#### [EXERCISE]
Write out the lines below exactly, beginning at the one with "Hello and welcome." and stopping after the one with "Converting the revolutions"; the pictures are not copied.

#### [DATA RECORDS]
=== Begin Enclosure ===

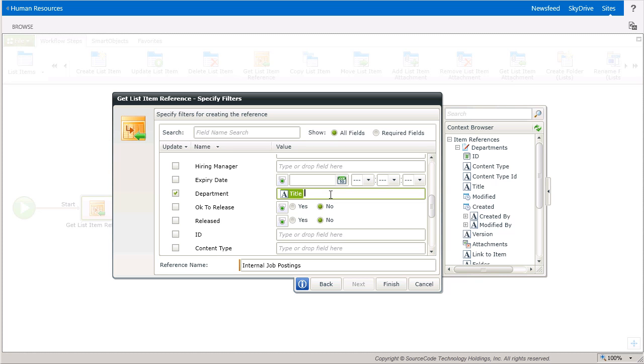Make sure to put a check in the checkbox next to each desired field that you want to include in the filter so it's enabled for use. I also want to make sure I'm only copying something that is marked OK to release, so I'll set this field to Yes.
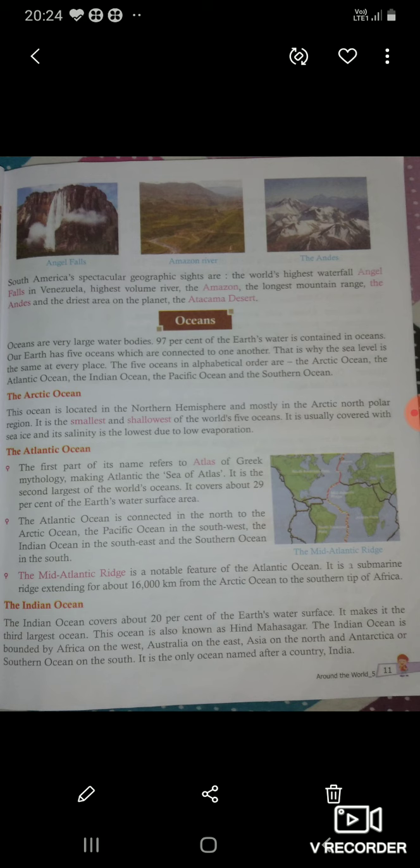The Atlantic Ocean is connected in the North to the Arctic Ocean. The Pacific Ocean is in the South West, the Indian Ocean is to the Southeast, and the Southern Ocean is in the South. The Mid-Atlantic Ridge is a notable feature of the Atlantic Ocean — यह Atlantic Ocean का सबसे प्रमुख feature होता है।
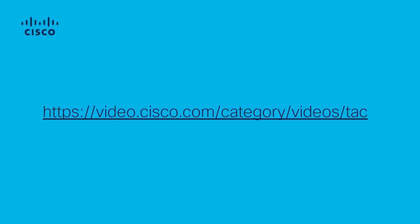We hope this video has been informative. Please check the Cisco Tag video portal for more video content.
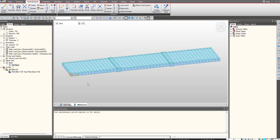Hello everyone, welcome to MIDAS short video series. In this video we will be talking about reinforcement definition for plate elements and how to perform the design for that.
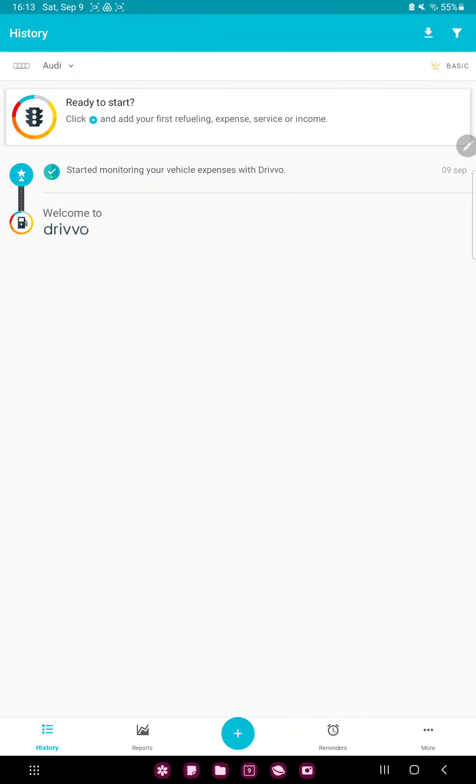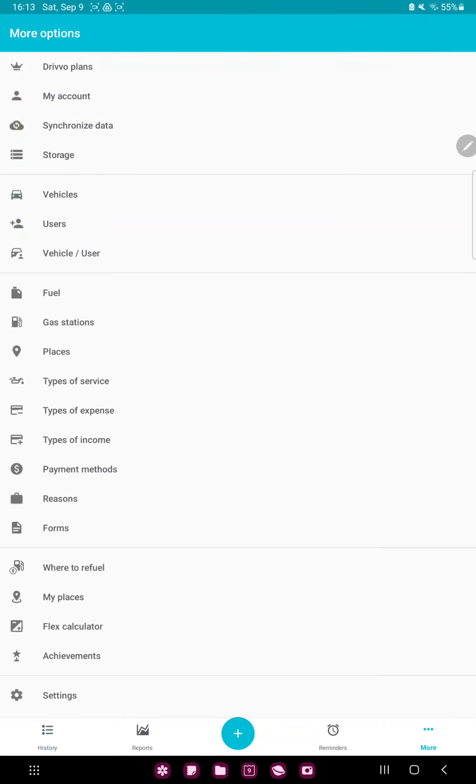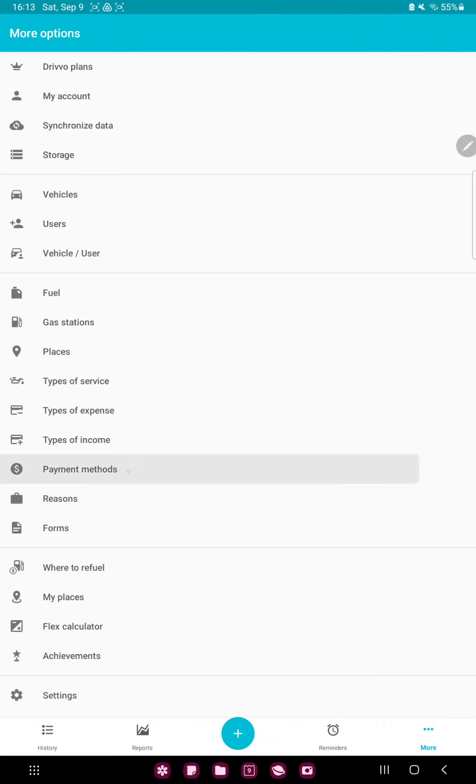Click the more button next to the reminders option at the bottom of the screen and go to the payment method option under the types of income.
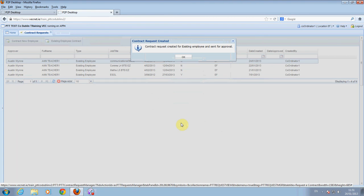You will see the following. Click OK. The contract must now be approved by a manager.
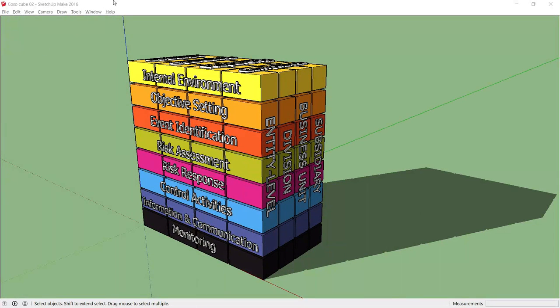Hello and welcome. This video is to explain the Committee of Sponsoring Organizations' most popular visualization, the COSO Cube.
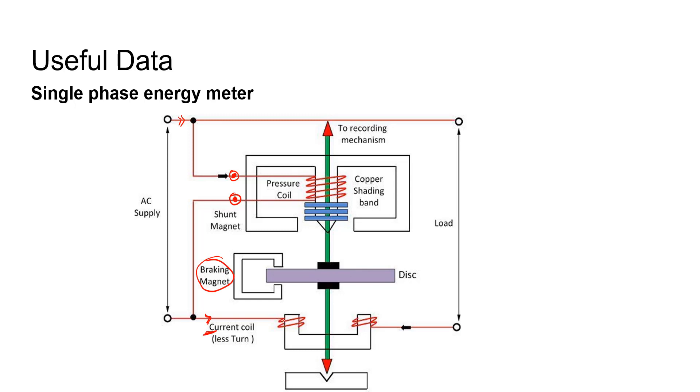Converting the revolutions into kilowatt hour, we can find out the energy that is consumed. For the details on the construction and working of the single phase energy meter, please refer to the NPTEL video that is linked over here.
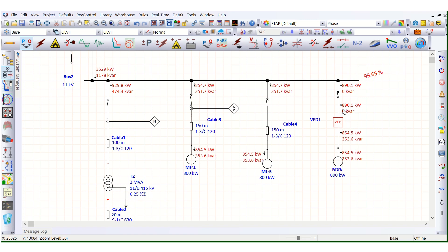The first observation is that reactive power drawn from the system is zero — the VFD is not drawing any reactive power from the system. You can see that the motor, when it was Direct Online, drew 854.5 kilowatt active power and 353.6 kVAR reactive power. Here those values remain the same, but the beauty is that this reactive power is now supplied by the VFD internally — it is not drawing any additional reactive power from the system. That is the advantage of using a Variable Frequency Drive.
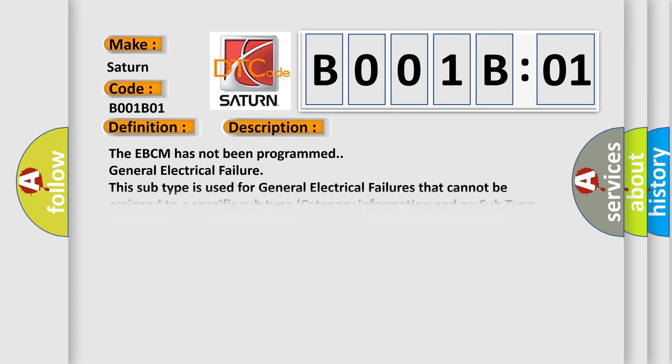And now this is a short description of this DTC code. The EBCM has not been programmed, general electrical failure. This subtype is used for general electrical failures that cannot be assigned to a specific subtype category information. For example, DTC B003901, Second Row Right Frontal Stage 1 Deployment Control, General Electrical Failure.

=== End Enclosure ===

#### [RESPONSE]
Hello and welcome. This video is to explain the Committee of Sponsoring Organizations' most popular visualization, the COSO Cube.
Converting the revolutions into kilowatt hour, we can find out the energy that is consumed. For the details on the construction and working of the single phase energy meter, please refer to the NPTEL video that is linked over here.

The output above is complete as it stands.